DATES AND SUMMARY OF FACTS FOR LECTURE I
Physical Science of the Ancients. Thales 640 B.C., Anaximander 610 B.C., Pythagoras 600 B.C., Anaxagoras 500 B.C., Eudoxus 400 B.C., Aristotle 384 B.C., Aristarchus 300 B.C., Archimedes 287 B.C., Eratosthenes 276 B.C., Hipparchus 160 B.C., Ptolemy 100 A.D.
Science of the Middle Ages. Cultivated only among the Arabs; largely in the forms of astrology, alchemy, and algebra.
Return of Science to Europe. Roger Bacon 1240, Leonardo da Vinci 1480, (Printing 1455), Columbus 1492, Copernicus 1543.
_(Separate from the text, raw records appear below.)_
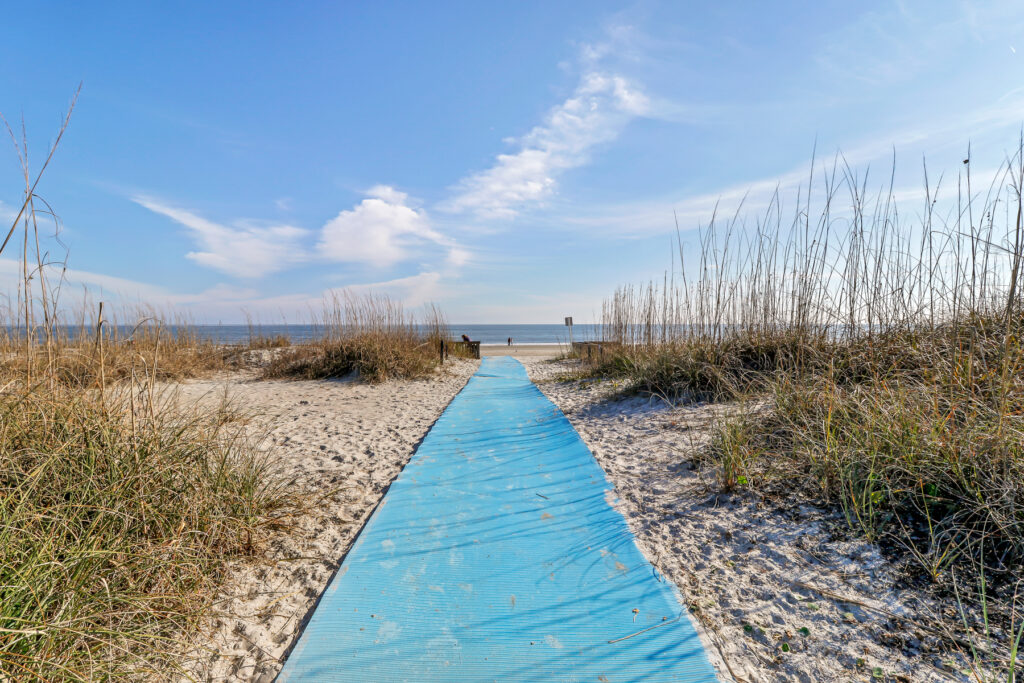 Folly Field Beach Walk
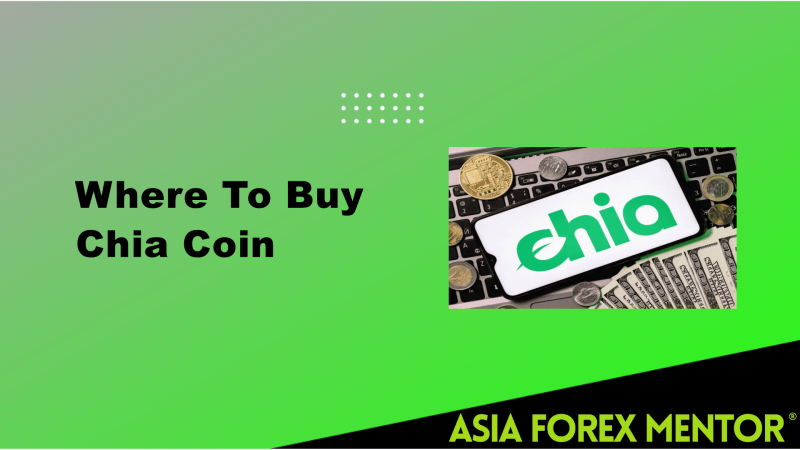 Chia Coin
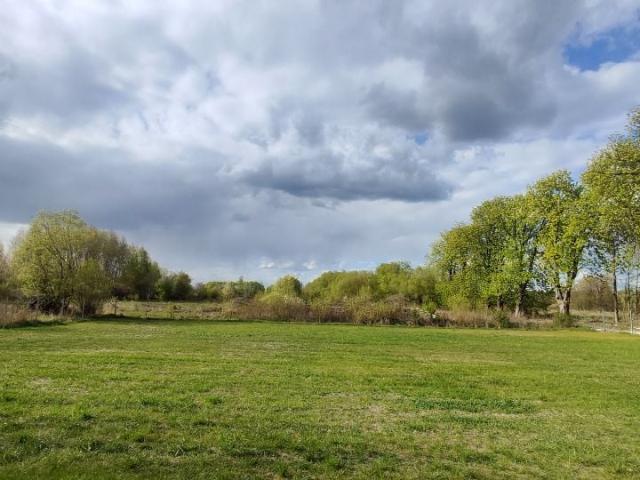 Długa 1 607 m², Kaleń Towarzystwo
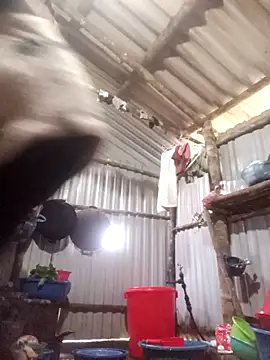 jienrrr online show from December 17, 2025, 12:16 am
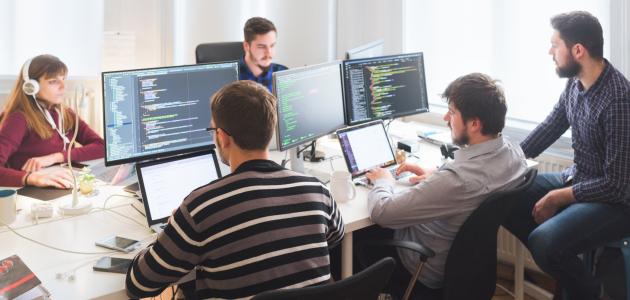 Software developing team working in the office stock photo
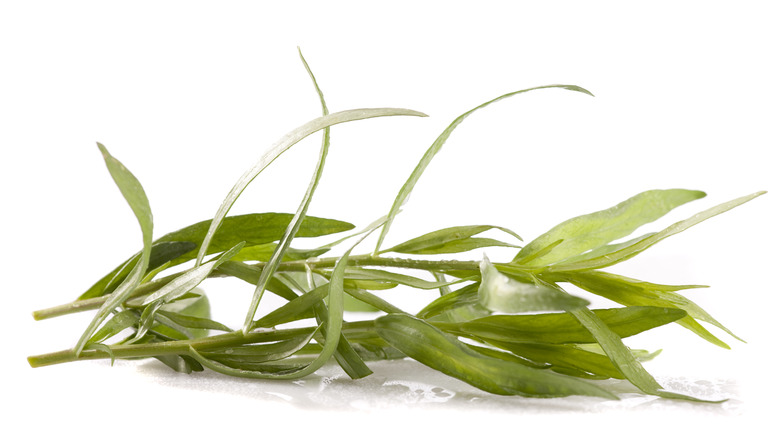 Tarragon leaves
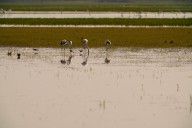 La gripe aviar se extiende en Doñana: dos cigüeñas más han dado positivo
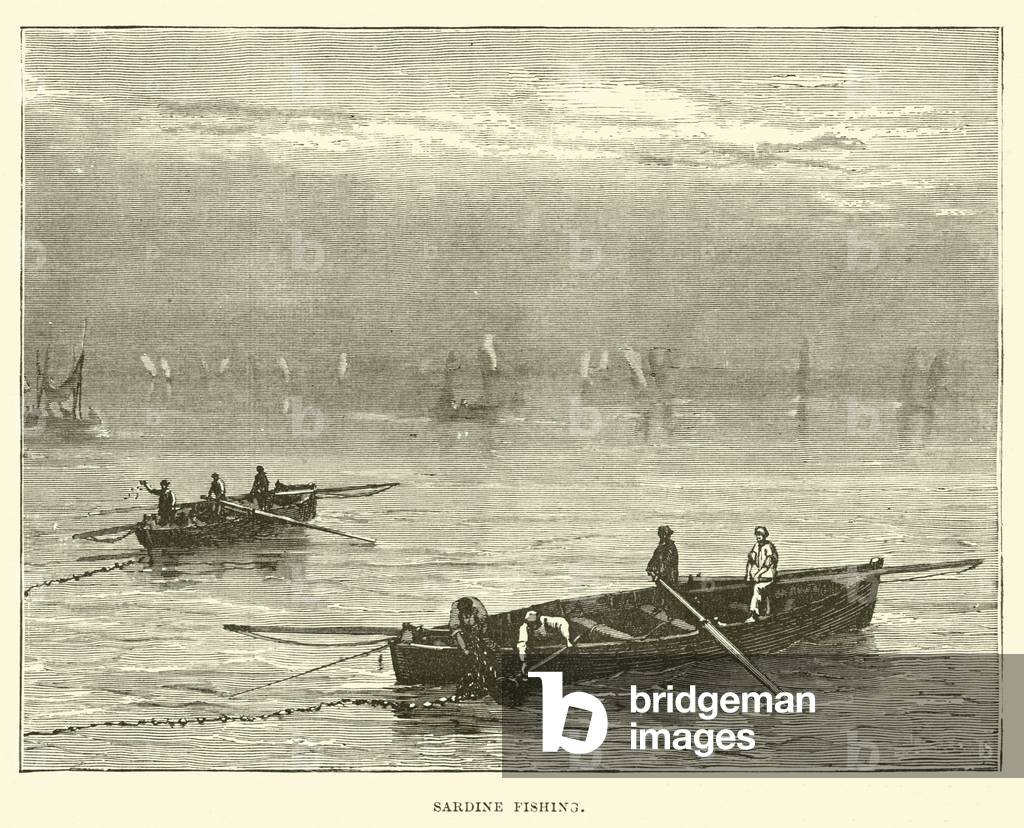 Sardine fishing (engraving)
A sketch of Copernik's life and work. Born 1473 at Thorn in Poland. Studied mathematics at Bologna. Became an ecclesiastic. Lived at Frauenburg near mouth of Vistula. Substituted for the apparent motion of the heavens the real motion of the earth. Published tables of planetary motions. Motion still supposed to be in epicycles. Worked out his ideas for 36 years, and finally dedicated his work to the Pope. Died just as his book was printed, aged 72, a century before the birth of Newton. A colossal statue by Thorwaldsen erected at Warsaw in 1830.